State Lands Commission Public Hearings Charade

The California State Lands Commission met at the Sheraton Grand Hotel in Sacramento,  August 20, 2012

By David Gurney

On Aug. 20th the California State Lands Commission held a special meeting to hear additional testimony and public comment, regarding a plan by Pacific Gas and Electric to conduct “seismic testing” in the Pacific ocean off its Diablo Canyon Nuclear Power Plant. P.G.&E. representatives, public officials, energy watchdogs and the general public were to be heard before a decision was made, whether or not to approve a proposal which uses an array of eighteen 250dB underwater cannons to create 3-D maps of sub-surface geology.  The lethal blasts will kill and maim all living creatures in a many square-mile swath of ocean off Morro Bay, California.

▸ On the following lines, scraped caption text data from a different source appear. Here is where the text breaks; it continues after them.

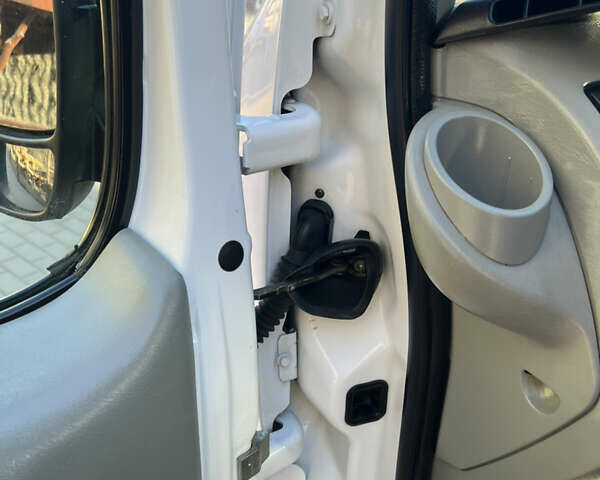 Білий Рено Трафік, об'ємом двигуна 2 л та пробігом 246 тис. км за 8299 $, фото 28 на Automoto.ua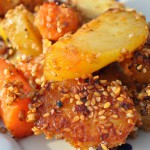 Kartofler i ovn med chili og sesam - opskrift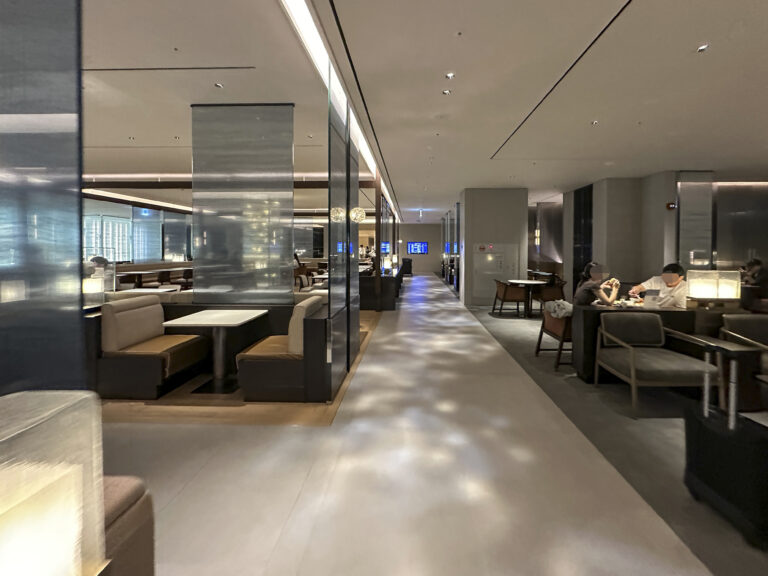 Inside the Korean Air Prestige Lounge Incheon Airport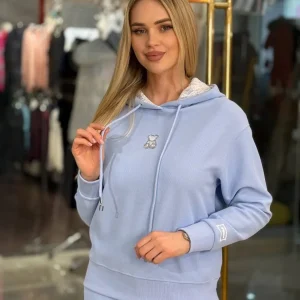Conjunto con encaje, capucha y oso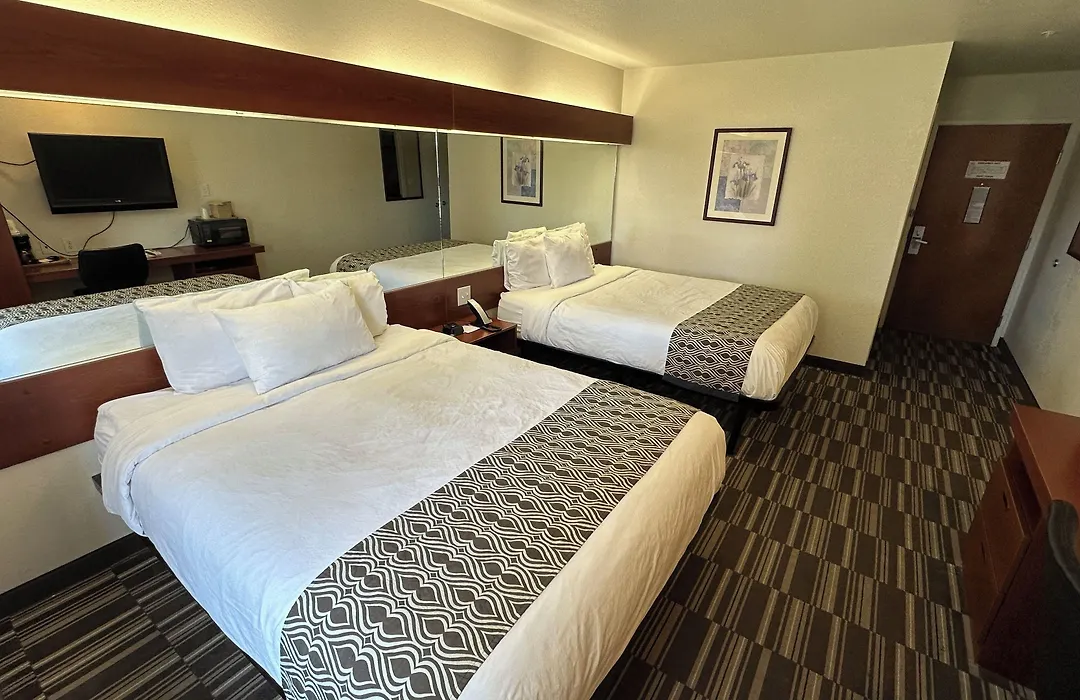 Microtel Inn And Suites By Wyndham Miami Ok-1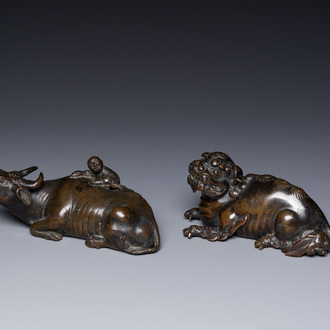 Twee Chinese bronzen waterdruppelaars, Ming/Qing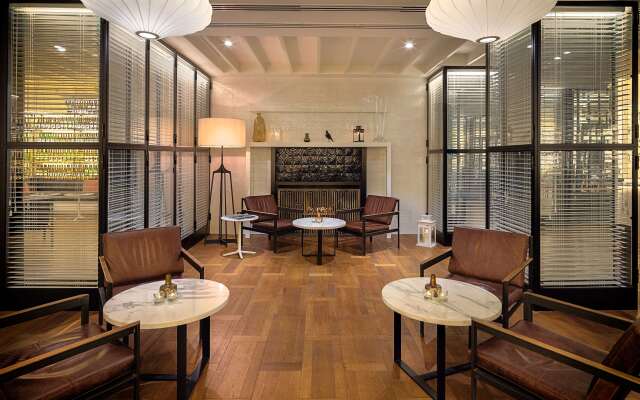 H10 Universitat Hotel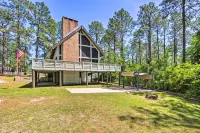 Brookeland Resort Cabin w/ Golf + Lake Access - Parkplatz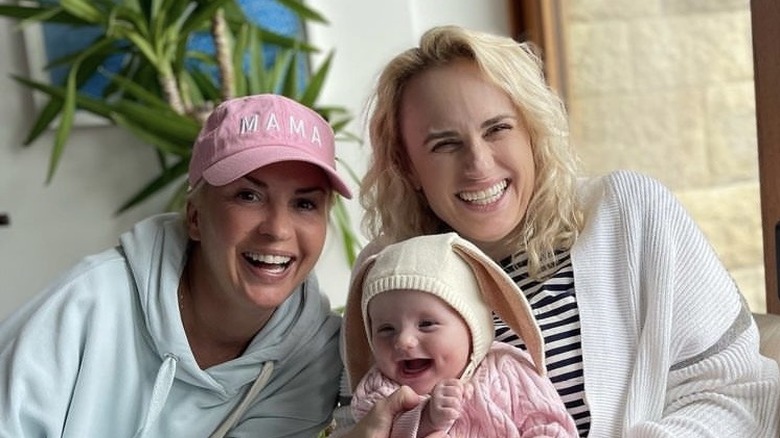 Ramona Agruma et Rebel Wilson avec leur bébé.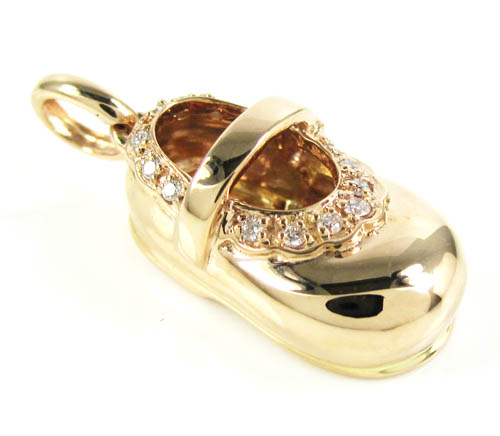 18k gold diamond baby shoe pendant 0.08ct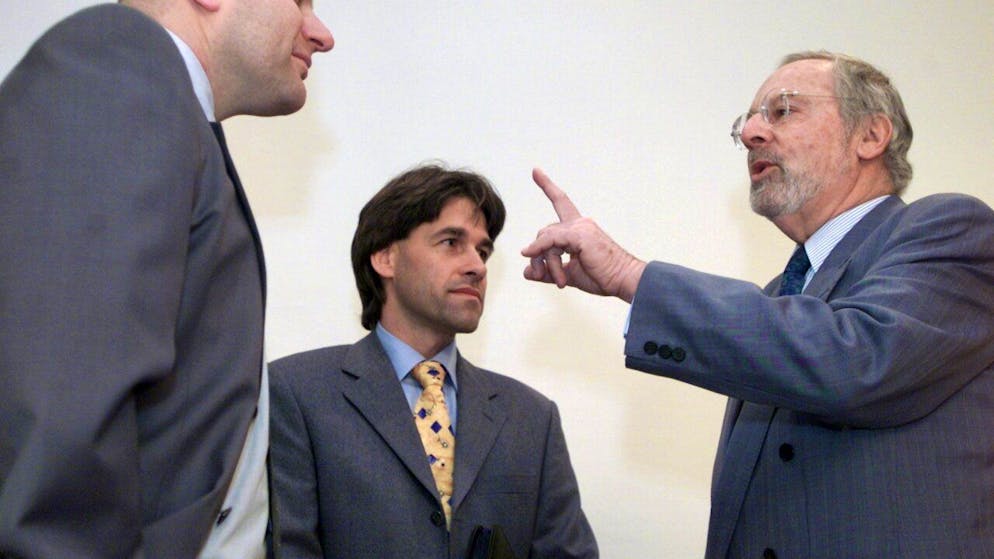 Michel Huissoud (al centro nella foto) è preoccupato per l'aumento delle segnalazioni di abusi nelle indennità per lavoro ridotto per le aziende colpite dalla pandemia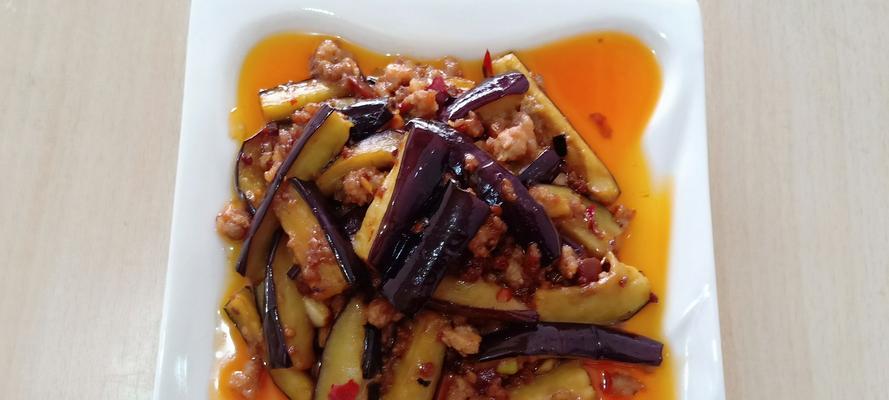 蒜泥西红柿拌茄子做法（口感丰富的家常美食）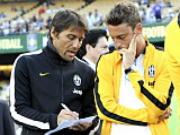 Từ lượt trận giao hữu: Các ông lớn nhảy "Hoang mang Style"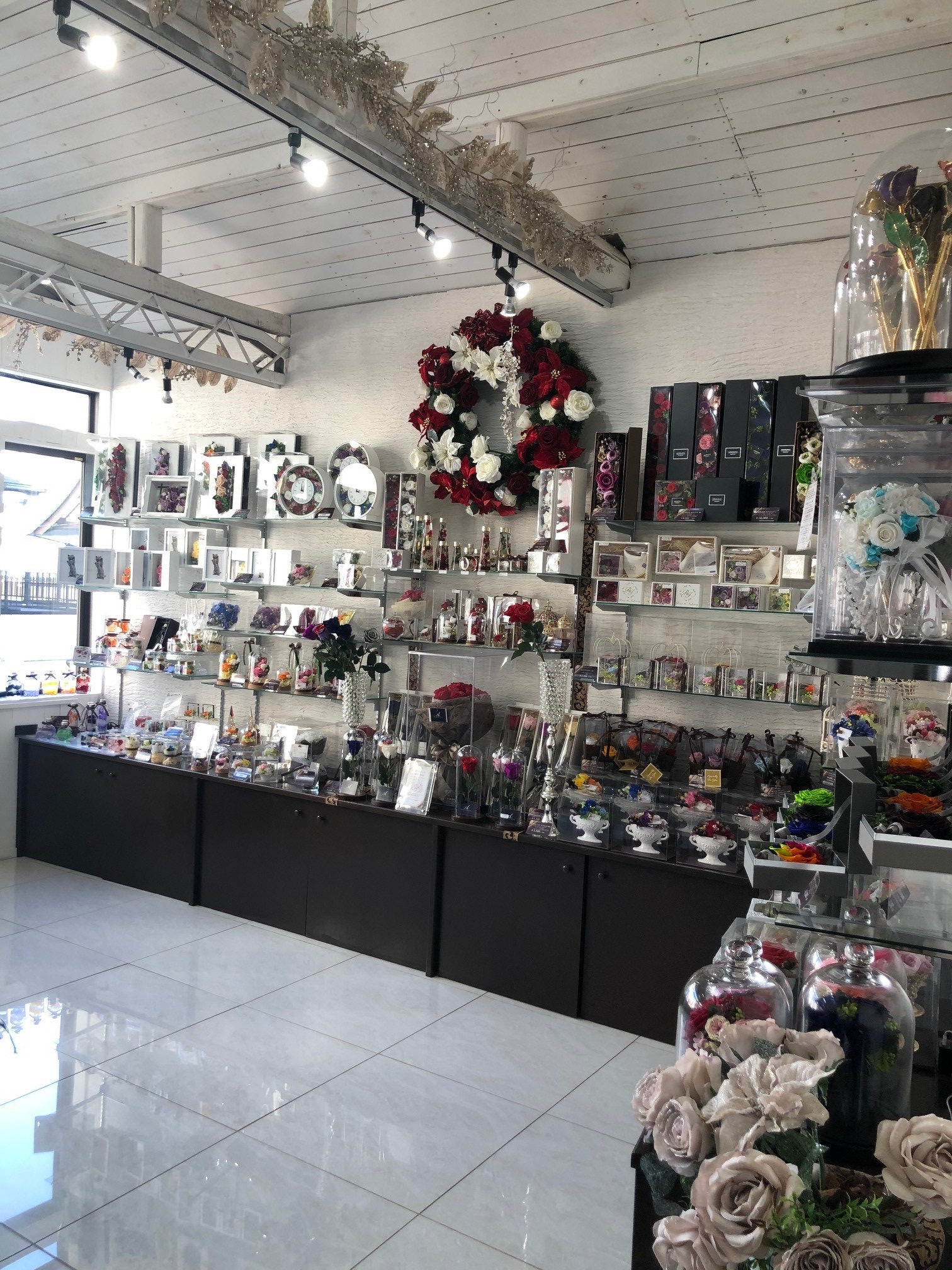 池袋 プリザーブドフラワー専門店 フラワーショップリズカ クリスマス 店内 リース ツリー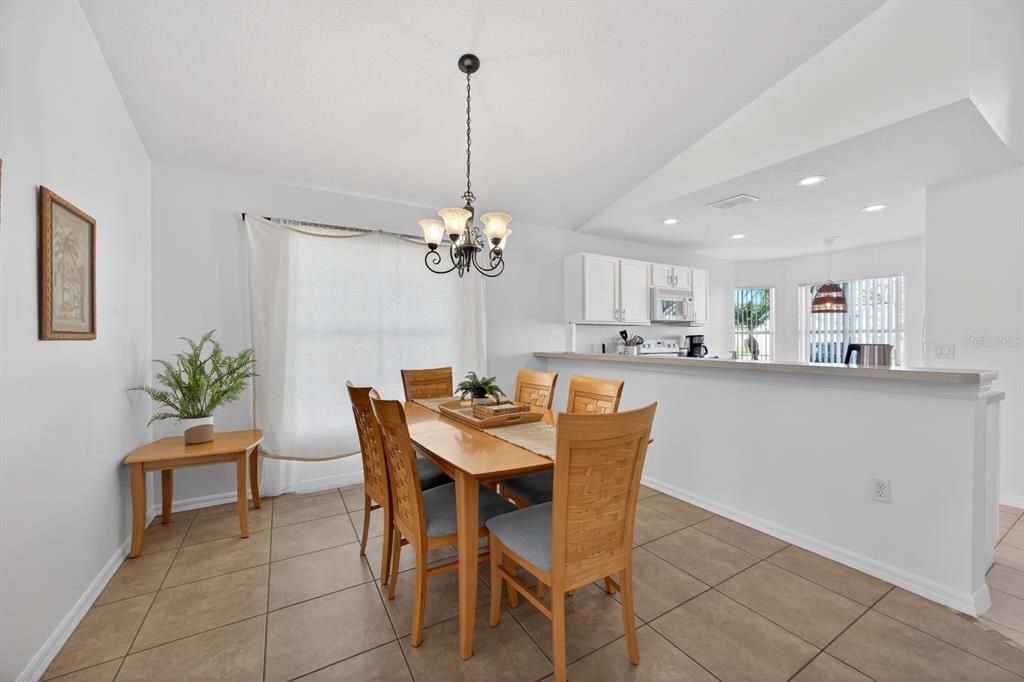 For Rent: $2,200 (4 beds, 2 baths, 1412 Square Feet)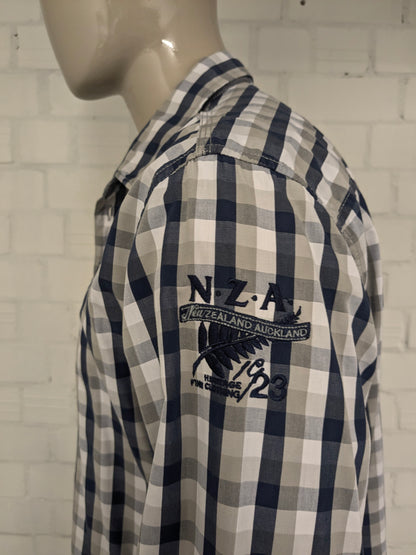 NZa New Zealand Auckland Shirt. Blue beige white blocked with applications. Size XL.
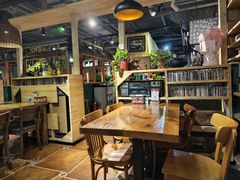 -蜗牛的家旅行主题云南菜餐厅.小酒馆(护国寺店)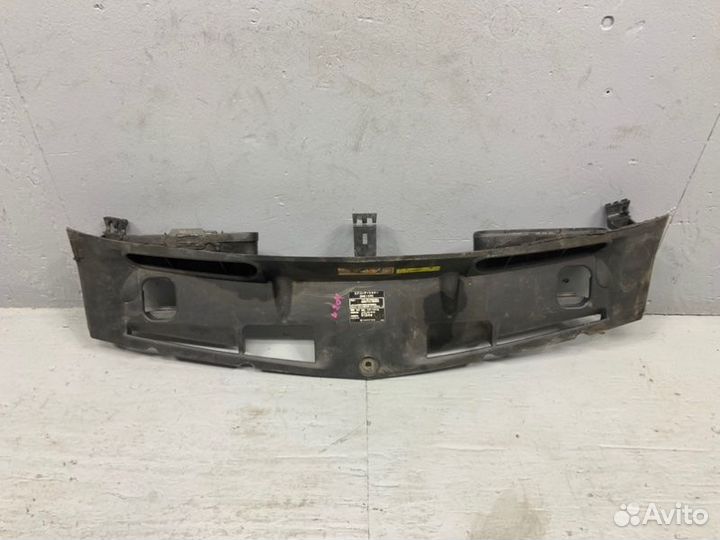 Накладка замка капота Mercedes C W204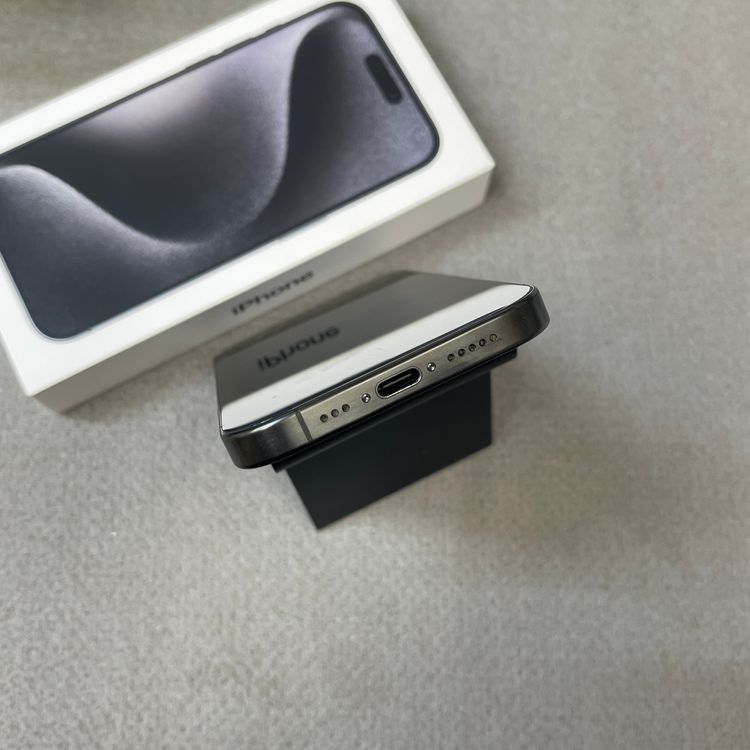 iPhone 15Pro 128GB �֥�å� ������ SIM�ե꡼ ����̵��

When Ed Oberweiser got up to deliver his carefully written 3-minute comment, he was rudely interrupted by the acting chair of the Commission, Alan Gordon.  None of the current members of the SLC were present for the vote at this meeting: all were substitutes, including Gordon, who impatiently informed the assembly that the decision had already been made.  He directed Oberweiser on what his public comment should address.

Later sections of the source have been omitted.